### Assignment:
Among the entries that follow, the required portion opens with the line containing "Raymond Turn Plate and Pin" and closes with the line containing "EDINSON RAMON TREMONT BARBOZA". Give that portion again exactly, and nothing else.

### Data provided:
=== Section Start ===

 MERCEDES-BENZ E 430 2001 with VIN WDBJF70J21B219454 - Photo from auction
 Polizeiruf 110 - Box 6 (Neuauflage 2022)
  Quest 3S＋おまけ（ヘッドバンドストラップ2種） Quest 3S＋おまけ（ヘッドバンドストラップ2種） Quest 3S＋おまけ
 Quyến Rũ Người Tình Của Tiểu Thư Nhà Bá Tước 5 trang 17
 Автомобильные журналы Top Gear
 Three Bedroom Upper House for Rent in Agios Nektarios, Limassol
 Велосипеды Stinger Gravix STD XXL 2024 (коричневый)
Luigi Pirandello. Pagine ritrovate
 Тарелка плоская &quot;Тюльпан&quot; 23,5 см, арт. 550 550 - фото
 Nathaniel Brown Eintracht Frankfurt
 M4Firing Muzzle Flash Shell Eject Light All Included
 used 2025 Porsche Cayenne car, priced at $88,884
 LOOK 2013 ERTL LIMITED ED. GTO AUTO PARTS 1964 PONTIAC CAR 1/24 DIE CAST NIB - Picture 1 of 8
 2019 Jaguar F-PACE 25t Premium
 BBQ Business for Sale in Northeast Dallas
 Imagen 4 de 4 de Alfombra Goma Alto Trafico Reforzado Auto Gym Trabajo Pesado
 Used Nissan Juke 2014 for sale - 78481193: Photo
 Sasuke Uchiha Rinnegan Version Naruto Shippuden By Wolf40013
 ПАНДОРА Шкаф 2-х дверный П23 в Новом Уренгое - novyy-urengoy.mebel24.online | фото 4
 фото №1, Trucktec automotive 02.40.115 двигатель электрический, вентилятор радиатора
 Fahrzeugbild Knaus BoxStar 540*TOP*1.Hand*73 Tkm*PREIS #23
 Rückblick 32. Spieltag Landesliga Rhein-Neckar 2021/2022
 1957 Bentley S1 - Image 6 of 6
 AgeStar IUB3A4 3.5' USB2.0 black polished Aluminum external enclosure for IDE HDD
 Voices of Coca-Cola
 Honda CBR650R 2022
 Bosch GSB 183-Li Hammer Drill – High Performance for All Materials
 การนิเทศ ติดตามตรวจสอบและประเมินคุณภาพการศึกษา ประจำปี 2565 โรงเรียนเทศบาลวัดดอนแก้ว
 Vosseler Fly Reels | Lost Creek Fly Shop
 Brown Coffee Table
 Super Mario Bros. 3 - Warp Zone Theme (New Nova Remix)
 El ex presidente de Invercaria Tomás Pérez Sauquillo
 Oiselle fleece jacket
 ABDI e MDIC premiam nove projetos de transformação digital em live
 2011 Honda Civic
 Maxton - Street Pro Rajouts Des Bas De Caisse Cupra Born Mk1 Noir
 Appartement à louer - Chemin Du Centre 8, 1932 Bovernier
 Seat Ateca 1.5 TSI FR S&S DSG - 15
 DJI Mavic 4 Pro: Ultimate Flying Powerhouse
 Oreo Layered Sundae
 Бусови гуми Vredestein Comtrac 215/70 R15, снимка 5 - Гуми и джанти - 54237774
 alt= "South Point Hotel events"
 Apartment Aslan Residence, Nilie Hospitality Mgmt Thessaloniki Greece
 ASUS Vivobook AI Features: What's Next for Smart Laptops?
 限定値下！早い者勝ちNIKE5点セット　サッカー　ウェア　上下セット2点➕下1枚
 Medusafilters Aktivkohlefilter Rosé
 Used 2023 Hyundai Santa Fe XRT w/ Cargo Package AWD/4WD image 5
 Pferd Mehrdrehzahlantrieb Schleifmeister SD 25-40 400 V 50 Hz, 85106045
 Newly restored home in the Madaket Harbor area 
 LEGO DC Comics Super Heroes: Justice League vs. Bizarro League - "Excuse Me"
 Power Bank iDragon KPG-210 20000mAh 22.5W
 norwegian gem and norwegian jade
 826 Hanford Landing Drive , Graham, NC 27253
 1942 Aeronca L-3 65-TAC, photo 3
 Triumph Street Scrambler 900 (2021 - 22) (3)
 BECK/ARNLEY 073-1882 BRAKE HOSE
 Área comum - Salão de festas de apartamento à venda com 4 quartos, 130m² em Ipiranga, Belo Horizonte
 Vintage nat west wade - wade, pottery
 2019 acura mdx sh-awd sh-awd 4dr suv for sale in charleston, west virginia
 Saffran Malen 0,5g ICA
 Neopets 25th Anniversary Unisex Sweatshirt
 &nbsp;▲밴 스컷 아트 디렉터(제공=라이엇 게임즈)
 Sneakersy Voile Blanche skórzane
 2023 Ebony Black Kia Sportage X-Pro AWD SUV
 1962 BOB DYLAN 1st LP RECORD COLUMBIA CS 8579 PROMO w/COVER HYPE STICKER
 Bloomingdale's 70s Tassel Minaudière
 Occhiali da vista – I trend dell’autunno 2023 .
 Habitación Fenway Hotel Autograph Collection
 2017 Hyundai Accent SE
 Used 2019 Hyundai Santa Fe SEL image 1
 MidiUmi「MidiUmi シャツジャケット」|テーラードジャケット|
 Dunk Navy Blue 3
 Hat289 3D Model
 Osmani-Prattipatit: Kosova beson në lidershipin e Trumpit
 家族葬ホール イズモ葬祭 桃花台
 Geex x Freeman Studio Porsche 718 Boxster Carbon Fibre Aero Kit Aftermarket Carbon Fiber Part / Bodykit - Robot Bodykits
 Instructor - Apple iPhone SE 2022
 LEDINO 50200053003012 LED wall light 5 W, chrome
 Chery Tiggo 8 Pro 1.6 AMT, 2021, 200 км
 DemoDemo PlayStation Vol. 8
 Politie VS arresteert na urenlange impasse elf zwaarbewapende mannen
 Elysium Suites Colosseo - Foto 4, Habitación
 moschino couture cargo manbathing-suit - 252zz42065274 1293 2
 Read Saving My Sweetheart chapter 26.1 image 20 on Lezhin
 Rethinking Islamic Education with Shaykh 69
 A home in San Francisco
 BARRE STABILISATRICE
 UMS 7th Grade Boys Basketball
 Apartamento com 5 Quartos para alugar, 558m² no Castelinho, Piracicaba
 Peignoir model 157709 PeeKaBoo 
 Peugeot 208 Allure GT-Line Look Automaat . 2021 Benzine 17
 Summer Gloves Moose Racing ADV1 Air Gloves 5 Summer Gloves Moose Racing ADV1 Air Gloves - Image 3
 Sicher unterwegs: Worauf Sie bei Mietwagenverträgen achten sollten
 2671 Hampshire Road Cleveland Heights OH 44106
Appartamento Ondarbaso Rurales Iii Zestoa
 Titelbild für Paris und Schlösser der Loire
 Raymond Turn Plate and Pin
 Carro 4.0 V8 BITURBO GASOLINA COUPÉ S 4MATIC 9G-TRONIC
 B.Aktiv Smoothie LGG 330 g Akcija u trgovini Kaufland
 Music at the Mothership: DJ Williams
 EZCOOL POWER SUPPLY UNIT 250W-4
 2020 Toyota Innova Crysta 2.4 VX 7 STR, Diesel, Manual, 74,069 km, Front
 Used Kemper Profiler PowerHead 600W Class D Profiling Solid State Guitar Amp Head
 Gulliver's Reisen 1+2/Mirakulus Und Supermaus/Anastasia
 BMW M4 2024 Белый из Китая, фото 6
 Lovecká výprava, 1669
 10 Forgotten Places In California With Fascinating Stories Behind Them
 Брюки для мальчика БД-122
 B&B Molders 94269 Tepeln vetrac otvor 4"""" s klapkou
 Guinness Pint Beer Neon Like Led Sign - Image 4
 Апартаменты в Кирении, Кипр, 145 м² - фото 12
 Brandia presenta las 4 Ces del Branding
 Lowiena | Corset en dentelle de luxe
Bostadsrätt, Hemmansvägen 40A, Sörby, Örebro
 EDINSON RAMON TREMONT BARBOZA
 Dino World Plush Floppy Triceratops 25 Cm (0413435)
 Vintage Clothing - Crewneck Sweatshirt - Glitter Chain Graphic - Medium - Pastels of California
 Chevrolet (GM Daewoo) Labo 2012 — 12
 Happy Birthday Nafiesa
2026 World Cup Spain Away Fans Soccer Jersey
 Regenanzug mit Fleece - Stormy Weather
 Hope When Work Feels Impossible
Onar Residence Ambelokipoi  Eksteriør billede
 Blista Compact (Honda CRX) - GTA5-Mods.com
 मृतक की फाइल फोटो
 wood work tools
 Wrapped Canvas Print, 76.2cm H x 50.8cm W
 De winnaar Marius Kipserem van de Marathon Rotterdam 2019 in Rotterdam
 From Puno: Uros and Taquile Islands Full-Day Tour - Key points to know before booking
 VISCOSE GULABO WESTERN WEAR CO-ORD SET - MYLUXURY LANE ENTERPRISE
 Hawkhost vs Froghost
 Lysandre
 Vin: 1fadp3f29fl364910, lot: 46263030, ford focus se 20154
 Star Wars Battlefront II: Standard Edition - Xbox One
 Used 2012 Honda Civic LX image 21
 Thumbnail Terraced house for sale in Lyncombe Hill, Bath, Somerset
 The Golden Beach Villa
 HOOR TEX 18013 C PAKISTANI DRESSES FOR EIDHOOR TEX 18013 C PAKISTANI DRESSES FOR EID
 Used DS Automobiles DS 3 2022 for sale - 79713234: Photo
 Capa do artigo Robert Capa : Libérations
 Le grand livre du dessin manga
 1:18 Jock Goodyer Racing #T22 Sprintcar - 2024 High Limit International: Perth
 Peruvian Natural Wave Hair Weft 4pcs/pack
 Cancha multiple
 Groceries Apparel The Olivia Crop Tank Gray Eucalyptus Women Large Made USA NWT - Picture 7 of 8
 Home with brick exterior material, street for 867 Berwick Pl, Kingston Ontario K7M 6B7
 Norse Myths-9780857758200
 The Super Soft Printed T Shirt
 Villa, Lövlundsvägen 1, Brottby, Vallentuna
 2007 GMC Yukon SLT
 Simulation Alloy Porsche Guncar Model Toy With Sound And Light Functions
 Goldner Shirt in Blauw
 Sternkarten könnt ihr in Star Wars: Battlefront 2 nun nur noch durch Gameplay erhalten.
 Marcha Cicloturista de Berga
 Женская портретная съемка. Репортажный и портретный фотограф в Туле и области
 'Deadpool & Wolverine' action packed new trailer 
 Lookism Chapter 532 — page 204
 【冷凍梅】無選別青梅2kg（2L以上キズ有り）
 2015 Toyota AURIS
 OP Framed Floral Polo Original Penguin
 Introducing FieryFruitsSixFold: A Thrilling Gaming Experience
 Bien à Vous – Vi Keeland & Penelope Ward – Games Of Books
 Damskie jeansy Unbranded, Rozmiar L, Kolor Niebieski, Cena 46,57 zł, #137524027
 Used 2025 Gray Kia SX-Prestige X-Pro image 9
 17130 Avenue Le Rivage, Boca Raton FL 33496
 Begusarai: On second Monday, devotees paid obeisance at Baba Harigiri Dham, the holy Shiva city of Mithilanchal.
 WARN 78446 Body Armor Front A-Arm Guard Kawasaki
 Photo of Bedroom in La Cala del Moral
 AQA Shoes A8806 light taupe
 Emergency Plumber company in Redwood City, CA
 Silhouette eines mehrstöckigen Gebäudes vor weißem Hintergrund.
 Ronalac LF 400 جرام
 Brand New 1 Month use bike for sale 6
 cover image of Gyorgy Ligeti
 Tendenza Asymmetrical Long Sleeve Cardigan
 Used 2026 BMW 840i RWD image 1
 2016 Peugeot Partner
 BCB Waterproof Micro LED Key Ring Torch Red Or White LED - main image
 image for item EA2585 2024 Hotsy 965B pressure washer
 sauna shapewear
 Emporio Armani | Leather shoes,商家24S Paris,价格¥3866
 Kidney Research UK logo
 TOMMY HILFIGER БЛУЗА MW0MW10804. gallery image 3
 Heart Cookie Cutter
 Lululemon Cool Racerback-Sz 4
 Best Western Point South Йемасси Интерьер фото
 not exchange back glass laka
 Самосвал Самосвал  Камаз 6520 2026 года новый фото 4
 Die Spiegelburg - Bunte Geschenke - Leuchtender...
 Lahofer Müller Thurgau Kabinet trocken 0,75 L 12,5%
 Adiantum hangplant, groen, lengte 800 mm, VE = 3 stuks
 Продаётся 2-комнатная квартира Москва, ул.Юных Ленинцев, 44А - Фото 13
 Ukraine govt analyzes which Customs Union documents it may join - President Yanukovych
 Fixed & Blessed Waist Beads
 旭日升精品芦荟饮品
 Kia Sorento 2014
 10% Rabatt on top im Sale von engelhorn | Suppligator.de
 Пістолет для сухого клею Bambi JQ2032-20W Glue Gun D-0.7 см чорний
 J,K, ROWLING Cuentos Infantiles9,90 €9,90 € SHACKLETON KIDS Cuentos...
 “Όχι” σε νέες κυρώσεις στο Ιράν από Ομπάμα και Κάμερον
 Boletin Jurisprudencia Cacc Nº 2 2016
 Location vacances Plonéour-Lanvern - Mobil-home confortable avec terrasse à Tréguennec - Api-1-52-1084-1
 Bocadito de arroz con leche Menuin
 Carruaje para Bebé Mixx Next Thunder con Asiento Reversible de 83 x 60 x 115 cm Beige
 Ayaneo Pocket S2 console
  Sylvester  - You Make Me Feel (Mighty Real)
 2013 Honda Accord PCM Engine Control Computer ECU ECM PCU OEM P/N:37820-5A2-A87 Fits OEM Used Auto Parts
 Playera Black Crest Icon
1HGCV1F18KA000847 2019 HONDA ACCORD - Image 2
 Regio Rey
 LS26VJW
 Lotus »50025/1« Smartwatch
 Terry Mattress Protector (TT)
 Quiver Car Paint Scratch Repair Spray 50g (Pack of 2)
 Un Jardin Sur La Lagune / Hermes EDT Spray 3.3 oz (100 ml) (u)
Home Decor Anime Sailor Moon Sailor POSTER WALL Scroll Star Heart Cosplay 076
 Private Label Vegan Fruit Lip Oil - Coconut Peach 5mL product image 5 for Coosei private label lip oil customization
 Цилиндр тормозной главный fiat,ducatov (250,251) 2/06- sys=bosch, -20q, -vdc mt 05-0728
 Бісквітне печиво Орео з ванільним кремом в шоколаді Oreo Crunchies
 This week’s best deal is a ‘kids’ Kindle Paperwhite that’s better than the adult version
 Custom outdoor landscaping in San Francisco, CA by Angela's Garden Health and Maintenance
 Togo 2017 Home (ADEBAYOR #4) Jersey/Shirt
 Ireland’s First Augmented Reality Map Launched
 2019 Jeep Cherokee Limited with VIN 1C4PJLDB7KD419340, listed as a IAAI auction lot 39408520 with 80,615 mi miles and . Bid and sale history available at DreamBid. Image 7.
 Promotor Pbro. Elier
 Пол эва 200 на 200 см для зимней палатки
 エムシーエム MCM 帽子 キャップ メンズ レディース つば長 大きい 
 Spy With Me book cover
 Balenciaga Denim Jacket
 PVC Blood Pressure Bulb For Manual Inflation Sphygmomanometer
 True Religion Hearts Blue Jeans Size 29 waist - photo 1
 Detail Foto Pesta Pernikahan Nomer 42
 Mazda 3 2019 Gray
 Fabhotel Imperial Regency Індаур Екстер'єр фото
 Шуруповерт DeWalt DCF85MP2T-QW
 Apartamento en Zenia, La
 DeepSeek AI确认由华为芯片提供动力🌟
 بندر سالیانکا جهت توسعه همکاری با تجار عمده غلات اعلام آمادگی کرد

=== Section End ===

### Answer space:
 Raymond Turn Plate and Pin
 Carro 4.0 V8 BITURBO GASOLINA COUPÉ S 4MATIC 9G-TRONIC
 B.Aktiv Smoothie LGG 330 g Akcija u trgovini Kaufland
 Music at the Mothership: DJ Williams
 EZCOOL POWER SUPPLY UNIT 250W-4
 2020 Toyota Innova Crysta 2.4 VX 7 STR, Diesel, Manual, 74,069 km, Front
 Used Kemper Profiler PowerHead 600W Class D Profiling Solid State Guitar Amp Head
 Gulliver's Reisen 1+2/Mirakulus Und Supermaus/Anastasia
 BMW M4 2024 Белый из Китая, фото 6
 Lovecká výprava, 1669
 10 Forgotten Places In California With Fascinating Stories Behind Them
 Брюки для мальчика БД-122
 B&B Molders 94269 Tepeln vetrac otvor 4"""" s klapkou
 Guinness Pint Beer Neon Like Led Sign - Image 4
 Апартаменты в Кирении, Кипр, 145 м² - фото 12
 Brandia presenta las 4 Ces del Branding
 Lowiena | Corset en dentelle de luxe
Bostadsrätt, Hemmansvägen 40A, Sörby, Örebro
 EDINSON RAMON TREMONT BARBOZA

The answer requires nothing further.